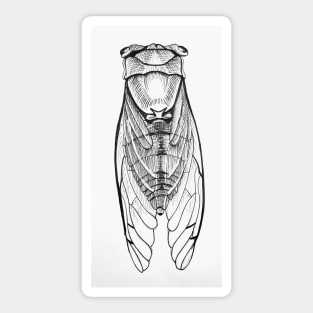 Cicada - theartproject Sticker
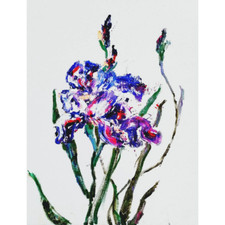 Iris oil Painting pink artwork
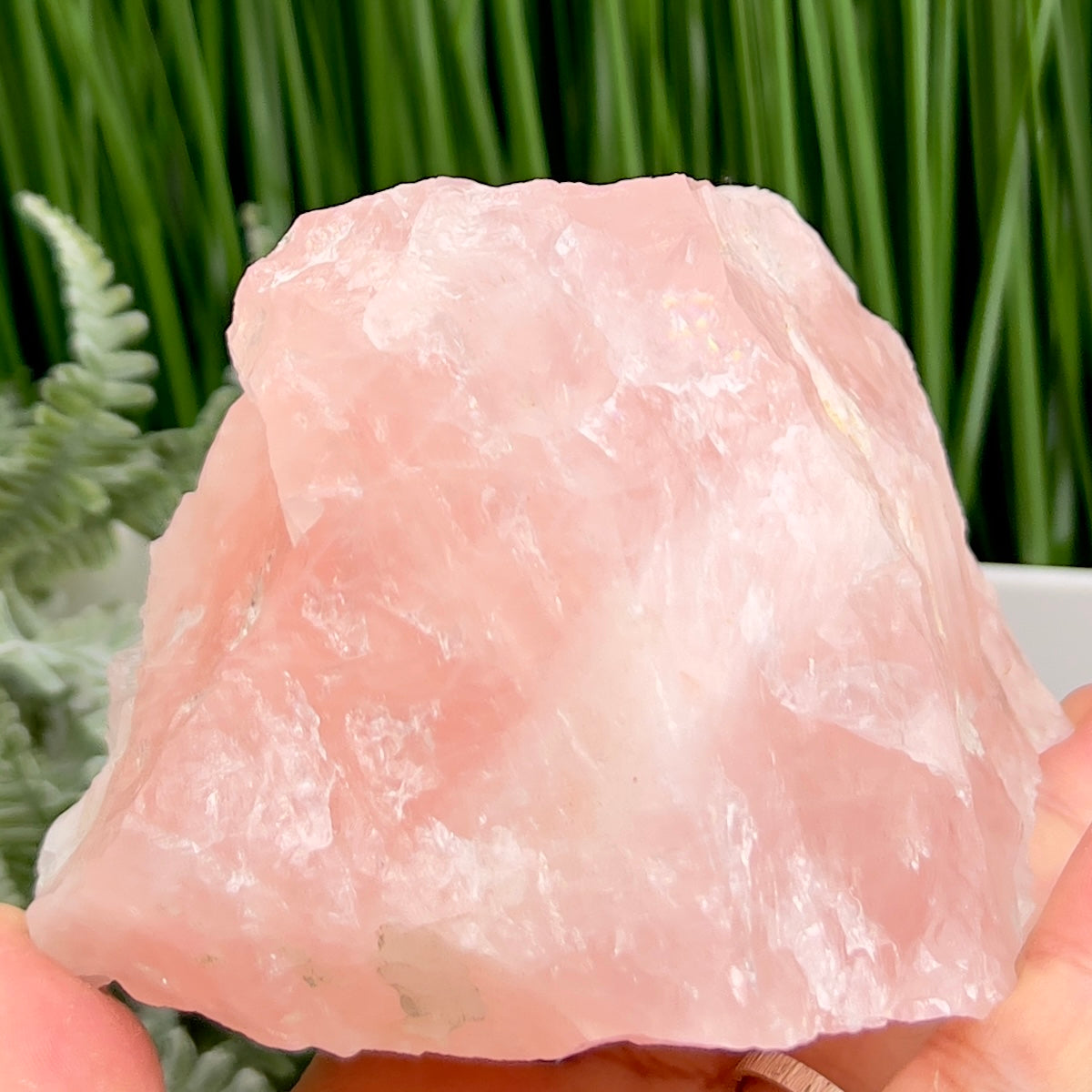 Rose Quartz High Quality Natural Raw Specimen Crystal 1062g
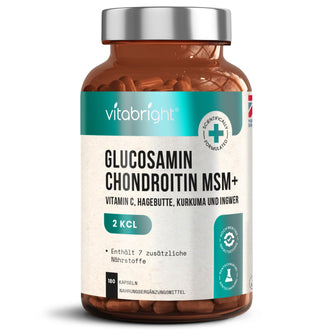 Glucosamin Chondroitin MSM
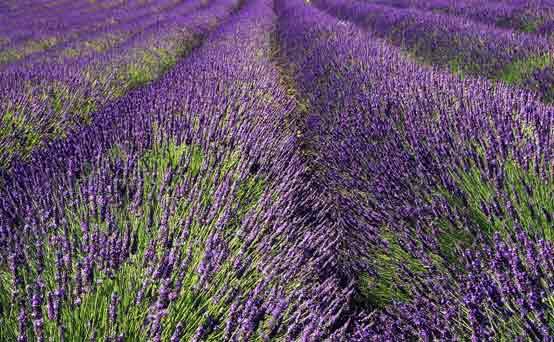 Aromatherapy - essential oils, lavender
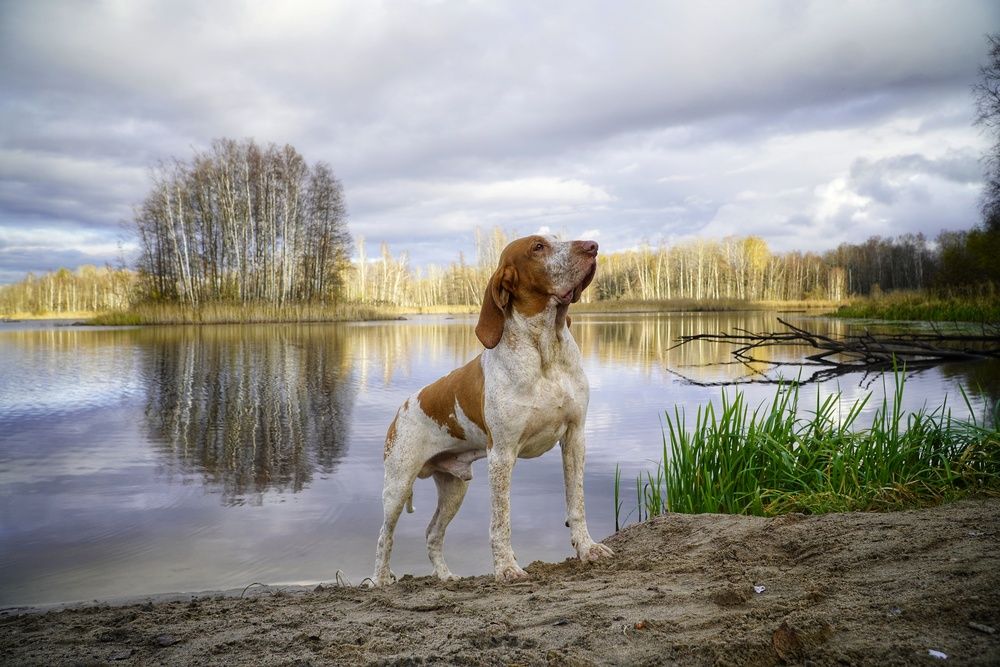 Photograph by Марина Безенкина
⁂
Directions for this task:
Print the listing verbatim; no pictures.

Solution to the exercise:
 Cicada - theartproject Sticker
 Iris oil Painting pink artwork
 Rose Quartz High Quality Natural Raw Specimen Crystal 1062g
 Glucosamin Chondroitin MSM
 Aromatherapy - essential oils, lavender
 Photograph by Марина Безенкина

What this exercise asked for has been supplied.